We used to laugh and point. Now this is how we roll.

I post the photo thinking I’m being cute and funny. My friends and family back in “more civilized” parts of the world are mortified (and mildly amused). I understand this reaction. I had it once myself.

The photo in question shows me on my motorbike. With my wife. And our two children. Plus the dog, of course, tucked down on the floorboards. We jokingly call it “the family wagon,” which in “more civilized” countries would be a chip- and Cheerio-littered minivan with safety-approved carseats double-belted in the third row, with nursery-rhyme spewing DVD player, headrests, and a stroller rack on the roof.

Here we have a motorbike instead.

Photo: author

I’m sure we all remember our first impressions of the family wagons in Bali and throughout Asia. Four-person families popping the curb to avoid traffic. The occasional five-pack. The holy six-pack. Cell phone tucked into the helmet. Monkey on the handlebars and a sack of rice between the legs. Is that woman breastfeeding? Then we spot the toy-store scooter, the doormat moped, and the various meals-on-wheels-mobiles. Motorbike madness is just a way of life around here. You get used to it. Mostly. My all-time craziest-ever sighting was a man riding with a giant mirror in his lap. It was so big, he couldn’t see the road at all, but he seemed content just staring at his own reflection. And somehow, he wasn’t crashing.
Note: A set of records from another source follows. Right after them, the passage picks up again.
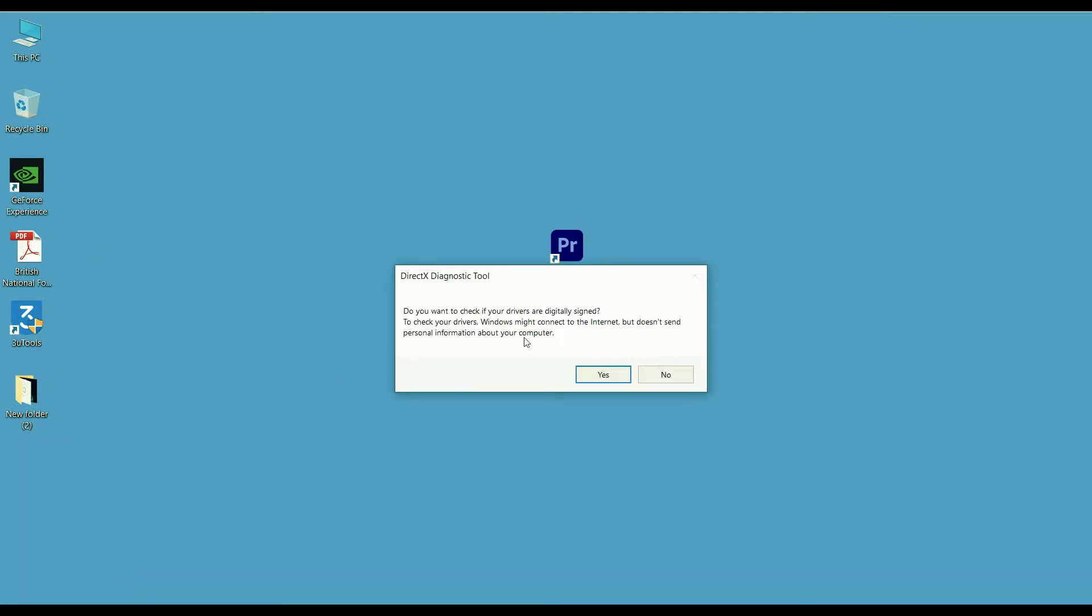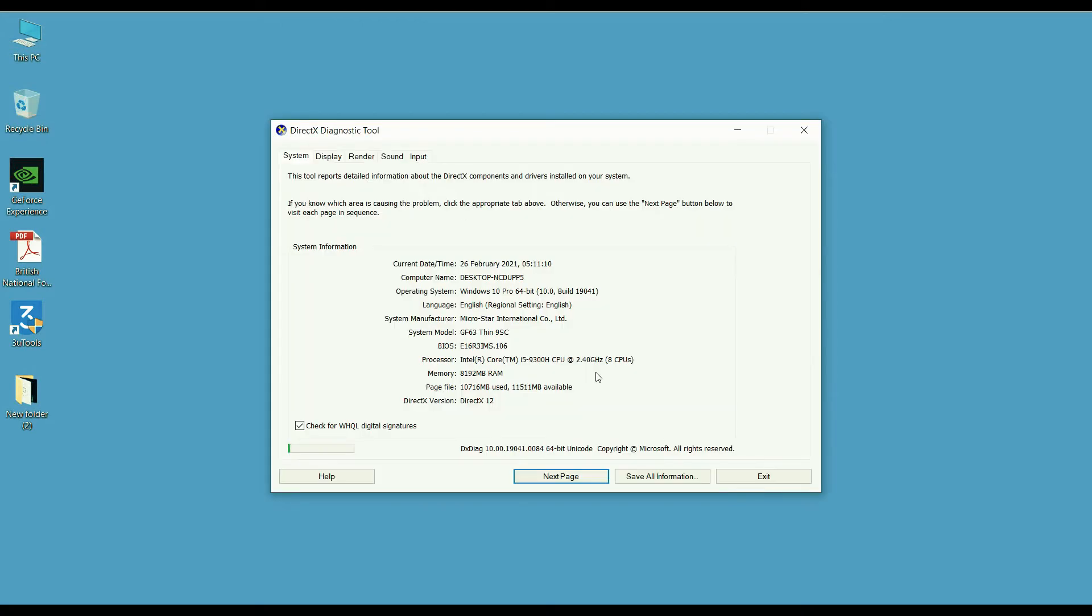Hit enter and give permission. OK, now you can see your graphic card details.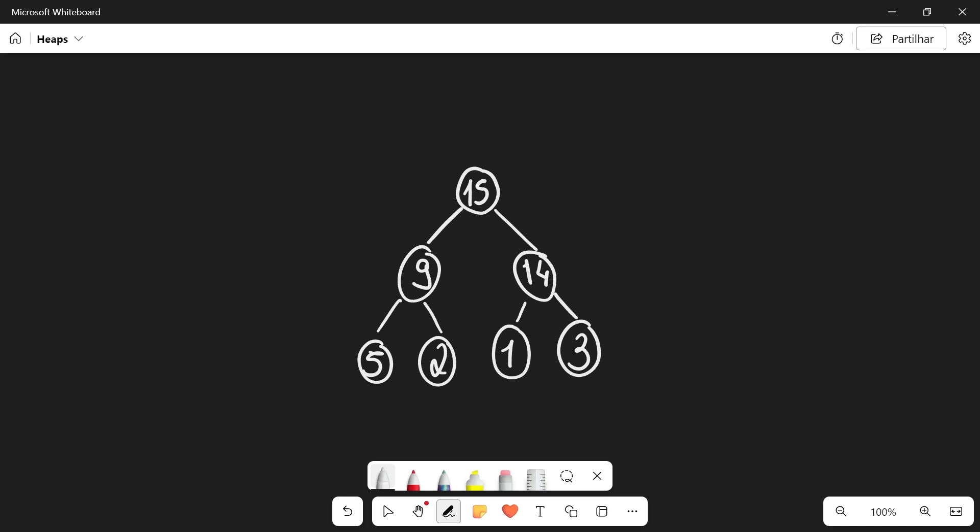Hello everyone and welcome. In this video we're going to talk about the heap data structure. I'm going to explain what it is, how to create a heap from an array, and then I'm going to give you a good example of all of the algorithms we're going to implement. So first of all, what is a heap?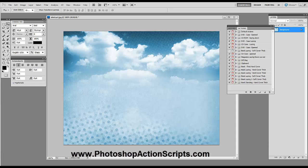It's Ben from PhotoshopActionScripts.com and in this video I'm going to run one of our software eCover action scripts. I'm just going to use this abstract cloud picture just as an example.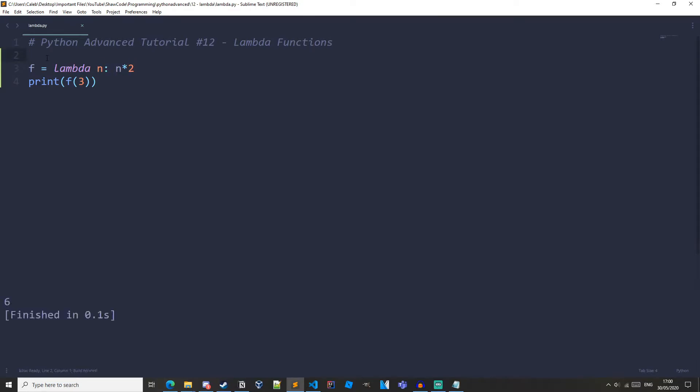Let's just run it now and we can see we get 6. Print the f function and we're passing in 3. So n equals 3. What this is doing it's returning n times 2 which is 3 times 2. So we're returning 6 and then we're printing out 6.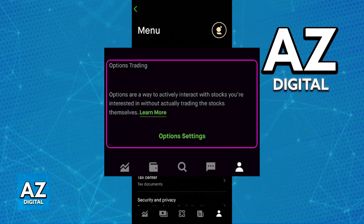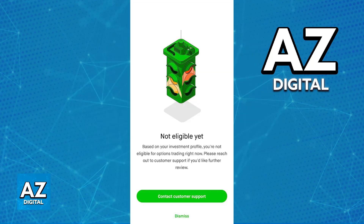Robinhood is going to review your application based on your answers and also your account activity, so keep that in mind. They will notify you via the app or the website once a decision is made. Depending on the age of your account and on your experience, you will either be qualified or not.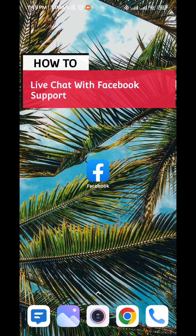How can you live chat with Facebook support today? In this video I'll show you exactly how to do that.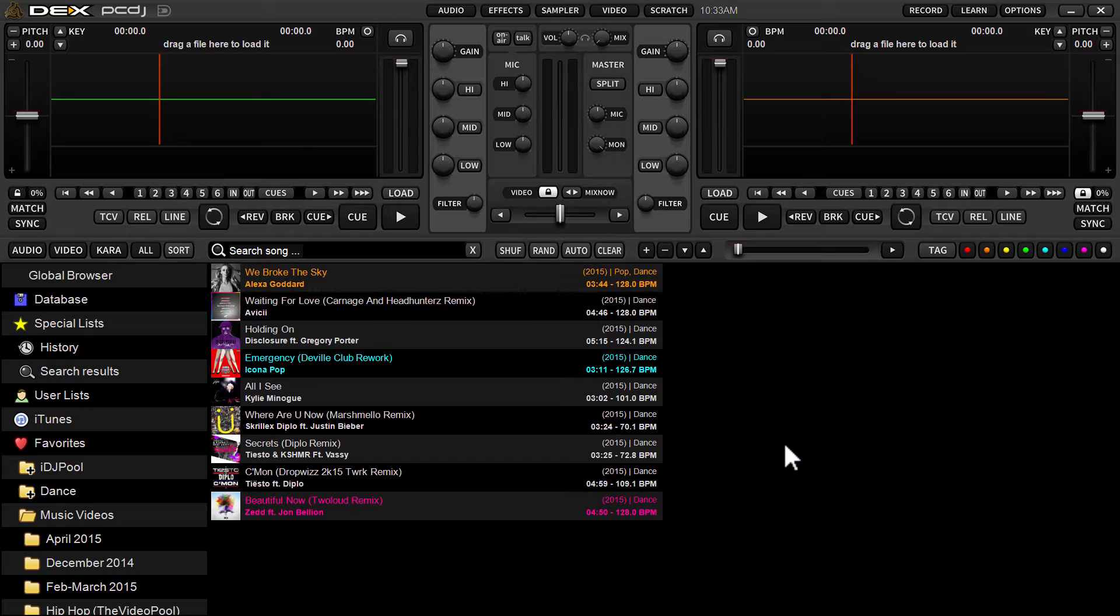Hey guys, it's Ryan Scherer here with PCDJ DEX 3.4. This is the latest iteration of our flagship DJ software for mixing all types of media: audio, video, and karaoke.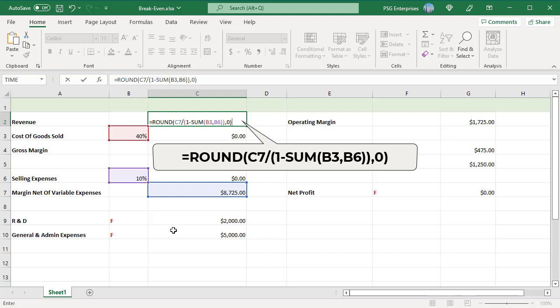If this company makes a 60% gross margin, pays 10% in commissions and has estimated the fixed expenses accurately, it will need to sell $17,450 to break even.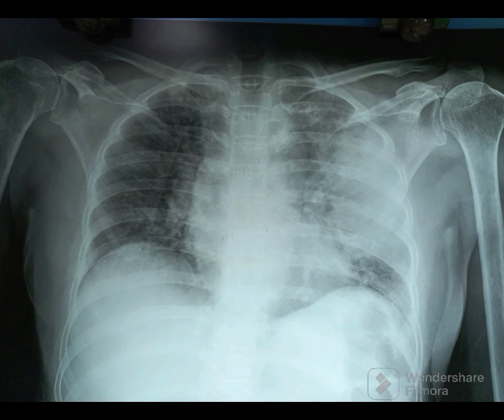Those not familiar with the silhouette sign, kindly read about it. The silhouette sign helps us in identifying the exact lobe the pathology is located in, by looking for borders that are indistinct.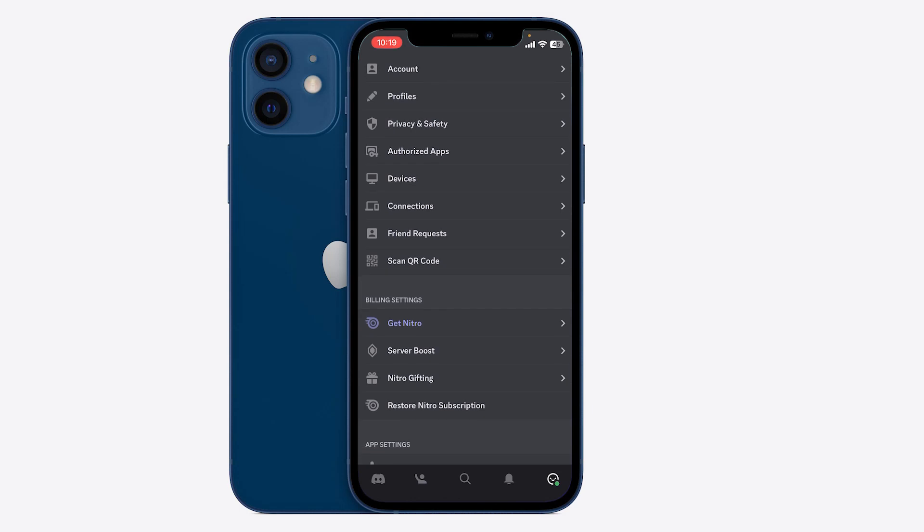Hello ladies and gentlemen, today I'm going to show you how to remove payment method on Discord mobile.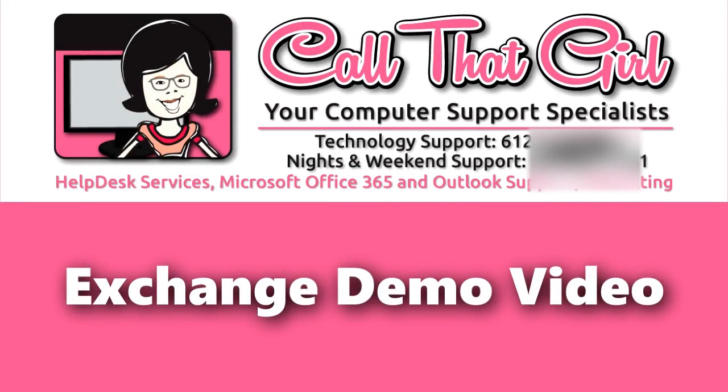Welcome to Call That Girl's Exchange demo video. We created this video to show all our potential new clients and partners the capabilities of Microsoft Exchange.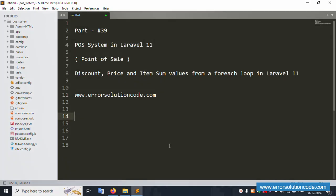Hello everyone, my channel Error Solution. Today I am discussing Part 39 of the POS system in Laravel 11 — Point of Sale discount price and item sum value from foreach loop in Laravel 11.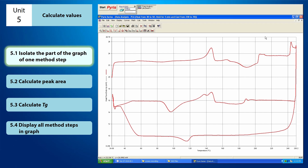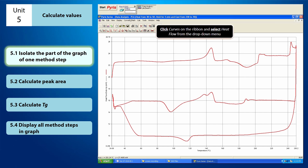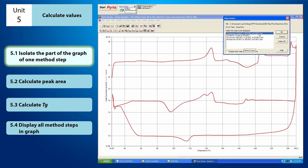For instance, this graph here consists of more than one method step. To isolate the part of the graph of one method step, you have to click Curves on the ribbon and select Heat Flow from the drop-down menu. Once you click on Heat Flow, the Step Select window will appear.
We’re mortified at first (and mildly amused), but eventually we find ourselves shopping for a baby helmet (which also used to mortify me). Pretty soon, it’s both kids, a hand-me-down baby helmet, and, okay, the dog can come too. But only if I can bring my surfboard.

You become what you resist, the saying goes. Or maybe just: Don’t knock it till you try it.

I suppose there’s a larger metaphor at work here. Something about our innate human capacity to adapt, rationalize, recalibrate. But this isn’t a metaphor, just a quick trip to the beach. I’m told there’s a shockingly high number of motorbike mortalities in Bali every year, but it’s hard to hear those stats with the wind in my ears and the joyful hoots of my three-year-old boy as we blaze through the rice paddy shortcut. The volcano is watching.

So it goes. This story would be finished, but on my way home today I saw my new “craziest ever.” The sight mortified (and amused) me all over again, like a fresh-off-the-plane tourist.

He was driving on the Bypass Road, where traffic is the fastest and most intense on the island. He had a big Scorpio motorcycle and was leaned back into a fully reclined position, so that he could steer with his two bare feet. His helmet was pulled up, the way you raise sunglasses to your forehead, and with both hands he was happily typing a text message. Or maybe he was playing Angry Birds. Hard to tell because as I pulled closer to take a photo, he made a left-turn exit and disappeared into Denpasar traffic without ever sacrificing his lounge-chair status.

Shocked. Mortified. But mostly just glad my boys didn’t see that one.